Introduction
Survey data is a powerful analysis tool, providing a window into people's thoughts, behaviors, and experiences. By collecting responses from a diverse sample of responders on a range of topics, surveys offer invaluable insights. These can help researchers, businesses, and policymakers make informed decisions and understand diverse perspectives.
In today's blog we'll look more closely at survey data including:
- Fundamental characteristics of survey data.
- Data cleaning considerations.
- Data exploration using frequency tables and data visualizations.
- Managing survey data in GAUSS.
Survey Data
Survey data presents unique characteristics and challenges that require careful consideration during the data analysis process.

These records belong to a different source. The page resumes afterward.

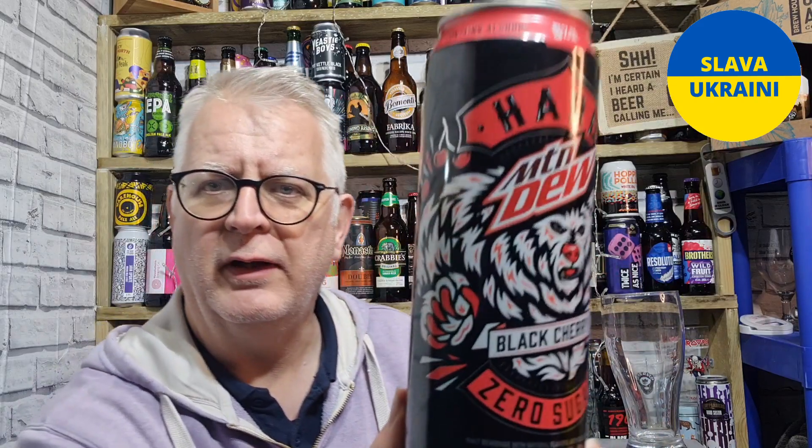Hi everybody, welcome to Andy's Beer Reviews. Thanks for joining me for my second fun beer on a Friday. It happens to be the last one I've got from Orlando, and probably one of the strangest ones as well. I picked this up in Walmart — take a good look at that.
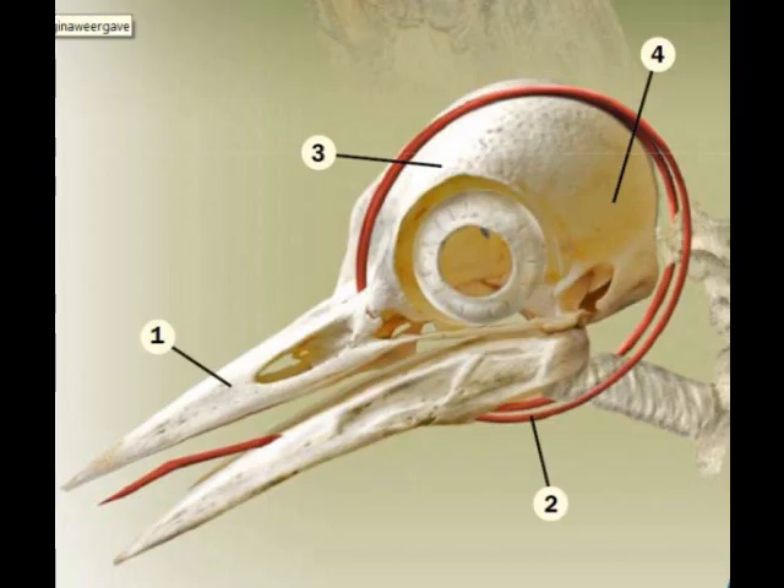Researchers have discovered four structures of the woodpecker's head that make it shock-absorbent: 1. A strong yet flexible bill. 2. A hyoid, a structure of bone and elastic tissue that wraps around the skull. 3. An area of spongy bone in the skull. 4. Little space for cerebral spinal fluid between the skull and the brain.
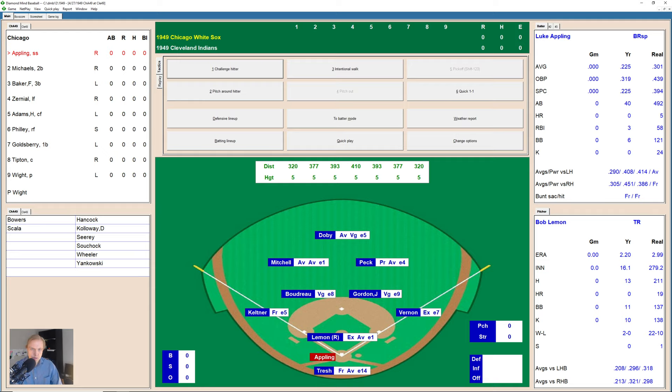Hi there, everybody. Welcome back to the Baseball Replay Journal, and we have another 1949 game for you today. It's the Chicago White Sox vs. the Cleveland Indians here at the great Municipal Stadium in Cleveland.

Survey Data Characteristics |
||
---|---|---|
Categorical Nature | Survey data often involves categorical variables, where responses are grouped into distinct categories. Understanding the nature of these categories is crucial for choosing appropriate analysis methods. | |
Ordinal and Nominal Variables | It is important to recognize the distinction between ordinal variables (categories with a meaningful order) and nominal variables (categories without a specific order). This impacts the choice of statistical tests and visualization techniques. | |
Missing Data | Surveys may have missing or incomplete responses. Strategies for handling missing data, such as imputation or excluding incomplete cases, need to be considered. | |
Large Sample Sizes | Surveys often involve large sample sizes, leading to statistically significant but not necessarily practically significant results. It's crucial to consider whether the observed results are meaningful or impactful in the specific context of the study. | |
Multivariate Nature | Surveys explore relationships among multiple variables simultaneously. Multivariate analysis allows for a more comprehensive understanding of the complex relationships between different factors. | |
Choice modeling | Surveys act as a primary data collection method for understanding individuals' preferences and choices. Choice modeling techniques expand the insights gained from survey responses, providing a quantitative framework for analyzing decision-making processes in various contexts. |
Data Cleaning Considerations For Analyzing Survey Data
Data cleaning allows us to identify and address errors, inconsistencies, and missing values. It is crucial for survey data and helps to:
- Ensure accuracy.
- Improve reliability.
- Make meaningful and trustworthy insights.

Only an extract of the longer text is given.